▸ **Exercise**: Beginning with the line containing "2021 Autumn Women" and ending at the last line of the data, set down every line exactly, leaving out all pictures.

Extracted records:
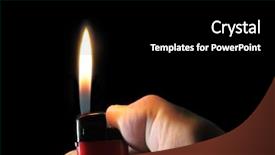  Presentation with black hand - Slide deck consisting of gas flare - lighter in hand isolated background and a black colored foreground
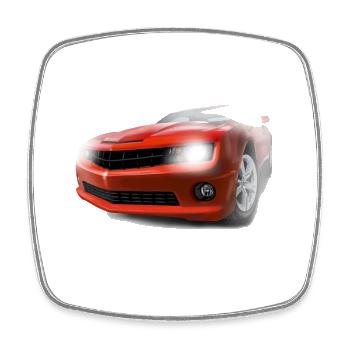sport car - Magnet carré - blanc - Devant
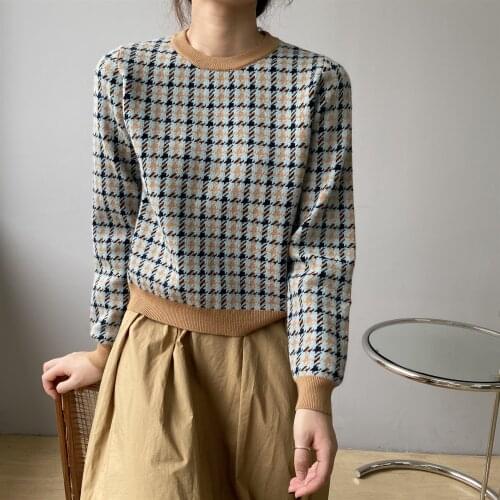 2021 Autumn Women O-Neck Sweater Plaid Knitted Fashion Oversize Winter Warm Sweater Casual Women Pullovers Pull Femme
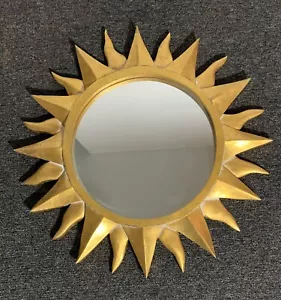 Specchio da parete vintage celeste Sun Burst 23" oro stile MCM rotondo metà secolo usato in ottime condizioni - Foto 1 di 12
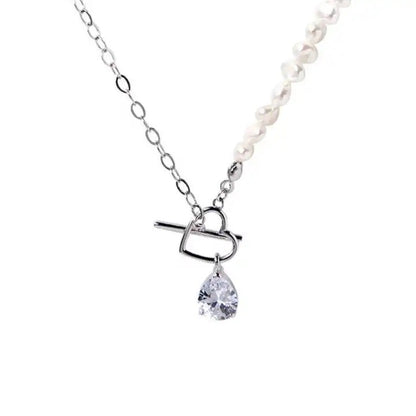 Sterling Silver Rhodium Plated Pearl & CZ Necklace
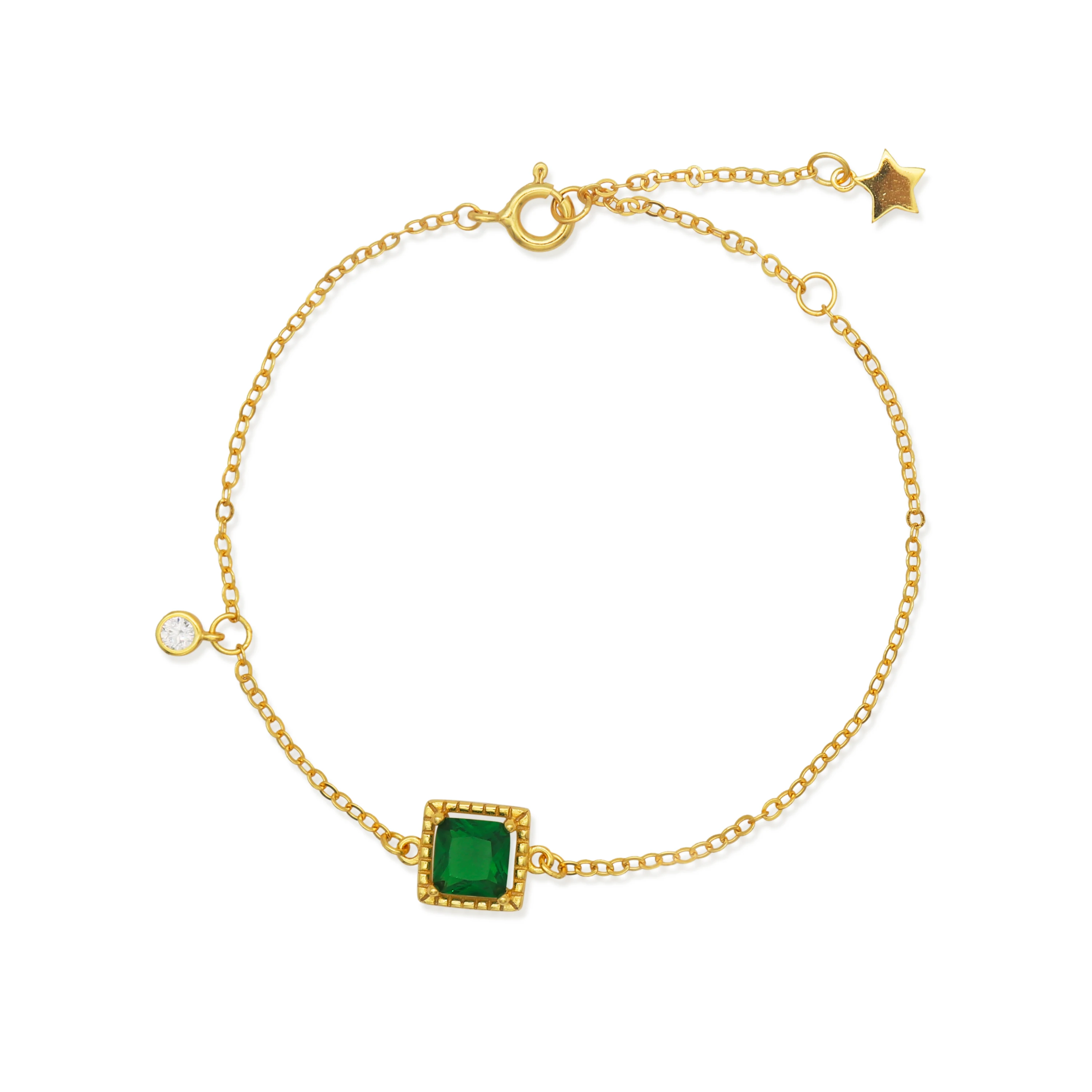 Chris April fashion 18K gold plated 925 sterling silver green zircon jewelry chain bracelets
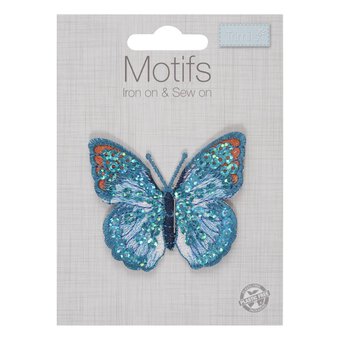 Trimits Blue Sequin Butterfly Iron-On Patch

▸ **Solution to this task**:
 2021 Autumn Women O-Neck Sweater Plaid Knitted Fashion Oversize Winter Warm Sweater Casual Women Pullovers Pull Femme
 Specchio da parete vintage celeste Sun Burst 23" oro stile MCM rotondo metà secolo usato in ottime condizioni - Foto 1 di 12
 Sterling Silver Rhodium Plated Pearl & CZ Necklace
 Chris April fashion 18K gold plated 925 sterling silver green zircon jewelry chain bracelets
 Trimits Blue Sequin Butterfly Iron-On Patch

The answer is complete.